Resultado fidedigno? Só pagando!
Para fechar o ano com “chave de ouro”: no último teste divulgado em 2023, ela conferiu apenas duas estrelas ao Fiat Pulse. Mas ela se confunde ao explicar o critério, pois declara “boa proteção” na maioria dos itens considerados nos testes de impacto. Ou seja, o carro foi aprovado no crash test mas perdeu pontos em critérios subjetivos, como o dos Sistemas Avançados de Assistência ao Motorista (Adas).
A fábrica, consultada, acusa a entidade uruguaia de testar um modelo não mais produzido, mais ou menos como no caso do Renegade. Informou à Latin NCAP já estar fabricando uma versão mais completa em termos de segurança, mas os uruguaios exigiram mais uma vez — como no caso do Renegade — que a Stellantis patrocinasse o teste (pela bagatela de 500 mil euros, equivalente a 2,685 milhões de reais) se tivesse interesse em que fosse testado o novo modelo.
Aliás, para que um carro da Volkswagen, no dia de seu lançamento à imprensa, já tivesse sido contemplado com cinco estrelas pelo Sr. Furas, só mesmo com um teste “patrocinado” pela fabricante, pois o modelo obviamente ainda não estava disponível nas concessionárias. Fosse minimante ético, o Latin NCAP faria constar em seu site se o teste foi realizado às expensas da fabricante ou dela própria.

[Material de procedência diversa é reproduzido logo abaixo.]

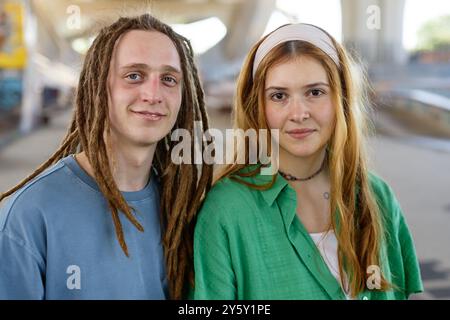 Portrait of young couple with dreadlocks and casual outfits standing under overpass smiling together under shaded urban environment Stock Photo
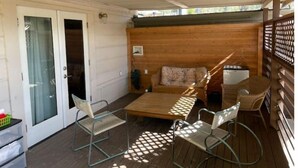 A covered patio with a wooden table, metal chairs, a cushioned bench, and a refrigerator. - Unique studio with cozy patio (La Mesa)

Por essas e por várias outras, avalizo integralmente as desconfianças de Martin Simacourbe em relação ao Latin NCAP, pois seus critérios são cada vez mais duvidosos e nem sempre a segurança é prioridade para seu secretário-geral, sr. Alejandro Furas.
BF
A coluna “Opinião de Boris Feldman” é de exclusiva responsabilidade do seu autor.